Ilan Man - I never actually used the framework to prioritize individual projects, but I could have. It was a way to organize OKRs, so that others in the org could reason about our work. It's a big laddering exercise - does the project you're working on ladder up into a larger, org-wide objective at some point, as you go up?
For example, paying back tech debt1 rarely gets prioritized, because it’s never obviously urgent and it’s only theoretically important (and even then, only to folks on the technical team). Developers don't often quantify the impact of paying back tech debt. But if you did, and you could point to performance optimizations that decrease consumption (which may ladder into a cost OKR) or a refactor that increases developer velocity and can help expedite a new feature (which may ladder into a growth OKR), then you may get that tech debt epic prioritized.
At the very least, you could use the framework as a way to communicate the impact of your projects to folks outside your team in a narrative format which is often what gets initiatives funded.]
Focusing on outputs
Finally, another framework or mental model, that I’ve been using for the past four years or so, has been to focus on outputs as opposed to inputs; again, very consistent with the items above. This is a controversial opinion to hold in the data community, where folks are really invested in understanding the inputs to their models, because that’s where they have control. That’s what they can explain. There are tighter feedback loops and they can more easily build a roadmap for their team. I totally get it. I used to focus my efforts on nailing the inputs, too, and, if I did my job well, improving the inputs should translate to better outputs. However, in more conversations and organizational navigation with higher ups, it was clear that they were all laser-focused on the outputs / outcomes.
In general, executives care less about what you have control over (which often leads to excuses about why targets were missed or who is responsible), and they care more that you get the job done. After all, the leadership team is the one cutting the checks, signing off on budgets and initiatives, and raising funds for your VC-backed company.
What’s more, focusing only on your “span of control” is a great way to get boxed into a small scope and surface area at your company. That’s exactly where leadership will put you, and then look elsewhere for a partner who can look beyond their scope to achieve the business’s targets. Instead of focusing on what you can control, align yourself and your team to an output metric - like your Sales, Marketing and Product colleagues do. Force yourself into the conversation that can expedite your company’s roadmap by tying the team more closely to a company-level objective. Earn your right to be at the table, not because you own the data, but because your leaders trust that you can get it done. In this way, you can transcend being a “data leader” into being a “leader”, who also happens to be able to leverage the organization’s most valuable asset: its data.
Using the above framing has helped me grow myself professionally in the direction I wanted, while also elevating the data team's profile.
[David Jayatillake - This is definitely something I can identify with and have written about before - data is your input to drive output from. How do you feel data folks can get comfortable with this idea and start actually living it for the mutual benefit of them and their company? You and I both have some hybrid business and data training in the form of accountancy and actuarial training, respectively. Benn's post the week before last was interesting in this regard, too. Do you think data folks need some business training to do this, or can it be better learned another way?

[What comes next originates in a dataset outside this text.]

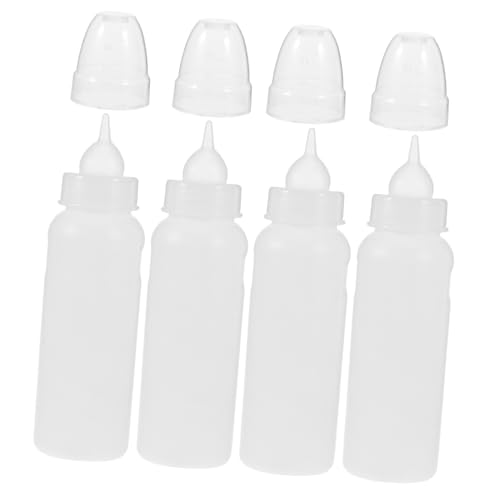 COOPHYA 4 Stück Tierfütterungsflaschen Schaffütterer Ziegenflaschenfütterer Haustier Saugflasche Milchflasche Für Kühe Rinder Medizinfütterer Rinder Saugflasche Kälberfütterungsflasche von COOPHYA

Ilan Man - The best data people I've ever managed got deep with their business counterparts. They sat beside the customer experience team, they attended product sprint plannings, they shadowed operators as they navigated their work. In addition, I think it's critical for data people to learn the basics of financial and accounting. It's shocking how seemingly simple FP&A models are compared to some fancy data science models, and yet these models are easily the most important to the organization. Benn did a nice presentation at last year's Coalesce, about learning the operating model of your company. I think that's a great starting point to learn what actually matters.]
One last thing I’d add that I want data professionals to start doing more of, is being the translation layer from tech to business. In particular, folks who are steeped in the modern data stack often talk about improved data quality, optimized performance, and flexible tooling, all of which needs to be translated into something that matters for the folks rationing up budgets (i.e. CFOs, and other C-levels).

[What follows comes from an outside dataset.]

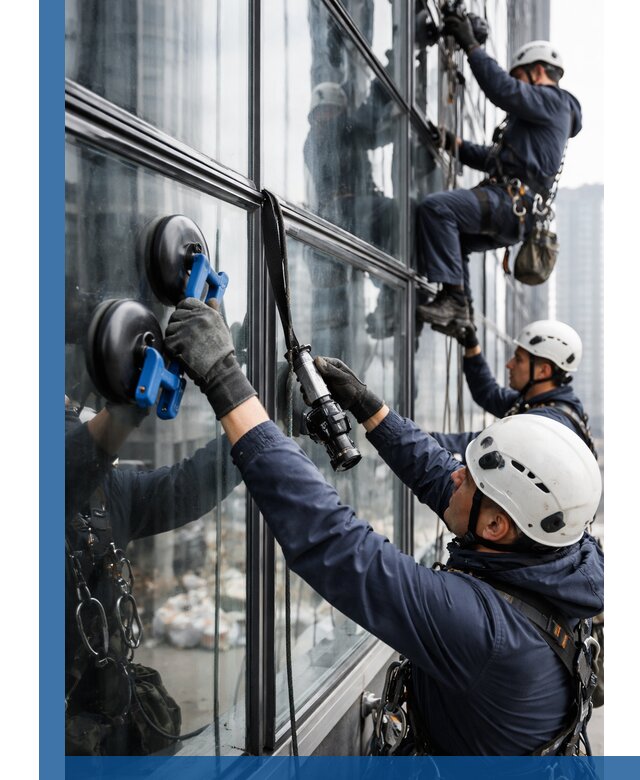 Радиусное остекление фасадов под ключ в Новочеркасске с гарантиями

Take data quality, for example – I often hear about data folks talking up their favorite tools or new development methods in order to improve data quality, as if that’s something that self-evidently good, and more to the point, worth investing in. What impact does improved data quality have on a company trying to raise a Series B next quarter, which is where everyone's head is at? Maybe don't bring up new tooling at this time, though most VC backed companies are in some ways always raising, so you might as well make it relevant. When C-levels want to share to their board or peers that their company is data-driven (sorry, people outside of data really like saying that), how does improving data quality help tell that story? If they didn’t invest in data quality, how much slower would their development velocity be, and what product features are at risk of being delivered, as a result? I’d like more data professionals to extend their thinking and framing in a way that their business leaders will grok. When we get better at that, then I believe more folks outside of data will better understand what we’re doing here and why we deserve a seat at the table.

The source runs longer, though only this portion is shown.